By Bob Kieckhefer
Officials of Dubai-based Meydan Group and Chinese authorities March 28 announced plans to hold an international race meeting in October in Chengdu in southwestern China.
Few details were offered other than plans to use existing facilities and hopes to build the race meeting from scratch to something on the model of the 18-year-old Dubai World Cup meeting.
"We think China deserves world-class racing," Saeed Al Tayer, chairman of the Meydan Group, told a news conference held in the Royal Enclosure at the Meydan Racecourse.
The event also was attended by officials from Chengdu, where the meeting is to be held, and the Wenjiang District of the Sichuan Province.
Al Tayer said many details remain to be worked out, including the number and conditions of races, purse money, and quarantine issues.
He said Chinese officials strongly back the program, which, like racing in Dubai, is expected to not feature wagering as part of the program. "We have run successful, world-class racing without such activity" in Dubai, he noted.
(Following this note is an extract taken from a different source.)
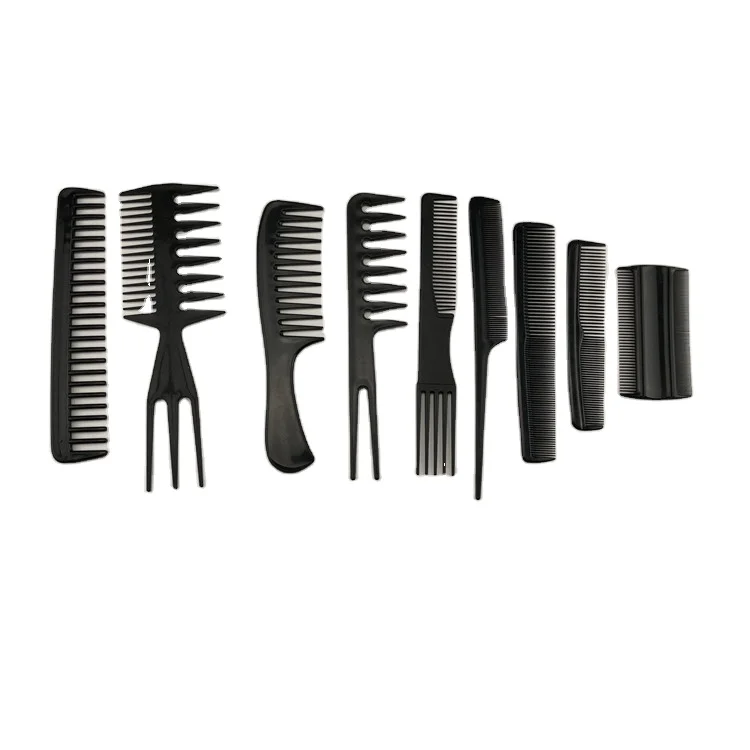 

Hot Sale 9pcs Black Professional Salon Hairdressing Multifunction Anti-Static Barbers Comb Set, As picture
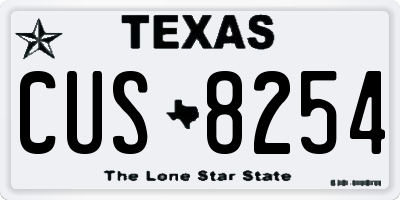 TX license plate CUS8254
Participants said an October meeting would be conducted with existing facilities, noting Chengdu was the site of the Jimma Equestrian Sports and Culture Festival and also served in 2011 and 2012 as the site of the China Equestrian Festival. There is a turf racing course on site.
Participants, Al Tayer said, will include "horses and horsemen that frequent the Meydan racing season" in Dubai, although the October date could conflict with other international race meetings such as the Arc weekend in Paris, Champions Day in England, and the Breeders' Cup World Championships in the United States.
Al Tayer said the ongoing World Cup week events, which have drawn representatives of many of the world's racing jurisdictions, provide an opportunity to shape a Chinese racing program cooperatively.
Ultimately, Al Tayer said, the goal is to jump-start a racing industry in mainland China.
"Racing is not enough by itself," he said. "We intend to bring in the industry of horse racing. We intend to bring in breeding, sales. The whole industry of horse racing will go there."
Horse racing has thrived in Hong Kong, now a Special Administrative Region of China, since its early years as a British colony. Previous efforts to expand the sport to the mainland have come to naught but Al Tayer said this effort has the full support of Meydan's teams and the existing infrastructure of Chengdu and the Chinese government.